### What to work on:
Please restate the listing that follows without changing anything.

### Recorded information:
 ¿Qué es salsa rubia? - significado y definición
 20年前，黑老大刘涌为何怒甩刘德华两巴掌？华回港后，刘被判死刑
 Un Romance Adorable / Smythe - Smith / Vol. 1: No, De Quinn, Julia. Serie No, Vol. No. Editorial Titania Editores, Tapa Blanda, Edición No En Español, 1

### Written solution:
 ¿Qué es salsa rubia? - significado y definición
 20年前，黑老大刘涌为何怒甩刘德华两巴掌？华回港后，刘被判死刑
 Un Romance Adorable / Smythe - Smith / Vol. 1: No, De Quinn, Julia. Serie No, Vol. No. Editorial Titania Editores, Tapa Blanda, Edición No En Español, 1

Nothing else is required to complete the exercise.